You will love your A-maze-N smoker. I use mine all the time; in fact I am cold smoking 10 lbs bacon as I type. Using my MES and the A-Maze-N smoker with a combination of hickory, mesquite and maple dust. The temperature in the MES is a steady 68° and outdoor temp is 48°.


----------



## sitkasmoker (Dec 24, 2010)

Like everyone else said, I love mine, I had just gotten this month and already tried my first bacon.  Pretty much one of the best recent inventions for smoking!

Quick question to ya ooffereins, are you using heat with your MES as well or just heat off the AMS?  I am just trying to figure my setup out since it has been around 19 degrees here lately.  Thanks.


----------



## coyote-1 (Dec 27, 2010)

I have officially received it.

Now I just have to dig out from under two feet of snow.  :)


----------



## tjohnson (Dec 27, 2010)

SitkaSmoker said:


> Like everyone else said, I love mine, I had just gotten this month and already tried my first bacon.  Pretty much one of the best recent inventions for smoking!
> 
> Quick question to ya ooffereins, are you using heat with your MES as well or just heat off the AMS?  I am just trying to figure my setup out since it has been around 19 degrees here lately.  Thanks.

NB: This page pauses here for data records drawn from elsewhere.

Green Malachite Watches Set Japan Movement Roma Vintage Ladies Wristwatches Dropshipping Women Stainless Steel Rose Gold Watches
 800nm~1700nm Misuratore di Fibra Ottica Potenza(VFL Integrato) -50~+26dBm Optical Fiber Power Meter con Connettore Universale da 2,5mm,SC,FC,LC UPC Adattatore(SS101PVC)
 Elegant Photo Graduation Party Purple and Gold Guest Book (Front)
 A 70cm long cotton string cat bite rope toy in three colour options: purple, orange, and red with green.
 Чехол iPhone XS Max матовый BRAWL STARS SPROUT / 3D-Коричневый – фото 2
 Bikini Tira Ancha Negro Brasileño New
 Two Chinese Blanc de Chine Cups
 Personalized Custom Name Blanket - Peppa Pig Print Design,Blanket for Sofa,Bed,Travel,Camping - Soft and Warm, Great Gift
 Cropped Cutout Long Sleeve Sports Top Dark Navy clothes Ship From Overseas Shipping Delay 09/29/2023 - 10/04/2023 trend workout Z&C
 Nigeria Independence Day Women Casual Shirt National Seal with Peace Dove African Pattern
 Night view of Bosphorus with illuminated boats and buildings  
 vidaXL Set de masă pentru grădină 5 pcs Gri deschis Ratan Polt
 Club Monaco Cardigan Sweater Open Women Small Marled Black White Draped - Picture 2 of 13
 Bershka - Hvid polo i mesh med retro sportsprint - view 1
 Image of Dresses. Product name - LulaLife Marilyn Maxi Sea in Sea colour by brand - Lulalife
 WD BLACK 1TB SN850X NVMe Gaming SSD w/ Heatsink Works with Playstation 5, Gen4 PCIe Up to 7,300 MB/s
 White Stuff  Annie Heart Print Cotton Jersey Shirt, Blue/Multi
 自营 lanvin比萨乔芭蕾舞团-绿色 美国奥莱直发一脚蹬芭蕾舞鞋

Up here in Minnesota, it's hovering around 20° and a couple weeks ago was -8°.  Your AMNS will perform much better in your MES with the heat up to 60° or so.  I preheat mine to 100° and then turn the heat off inside the MES.  The AMNS will produce some heat and it should maintain about 50° - 60°.  You just have to play with it.

If your doing bacon, set your MES at 100° and you'll be OK, but cheese can melt at 100°.

Todd


----------



## smokezilla (Dec 27, 2010)

DIG IT


----------



## meateater (Dec 27, 2010)

coyote-1 said:


> I have officially received it.
> 
> Now I just have to dig out from under two feet of snow.  :)




 Heck just find a cardboard box, that's what a few folks did here. After all it's a cold smoke.


----------



## mikeintn (Dec 30, 2010)

Good for you! I asked Santa for one, even copied the link to the package I wanted, but evidently Santa has an innate fear of ordering anything online; 
	

	
	
		
		



		
		
	


	





  So come Christmas Eve, there wasn't one to be found under the Christmas tree....
	

	
	
		
		



		
		
	


	





So I went ahead and ordered it myself.  It shipped today..
	

	
	
		
		



		
		
	


	





  Take that, Santa!!


----------



## tjohnson (Dec 31, 2010)

MikeInTN said:


> Good for you! I asked Santa for one, even copied the link to the package I wanted, but evidently Santa has an innate fear of ordering anything online;
> 
> 
> 
> ...


Now, That's Funny!

TJ


----------



## mikeintn (Jan 6, 2011)

Got my AMNS today.  Can't wait to break it in.  I did show it to Santa..
	

	
	
		
		



		
		
	


	





Thanks TJ!!


----------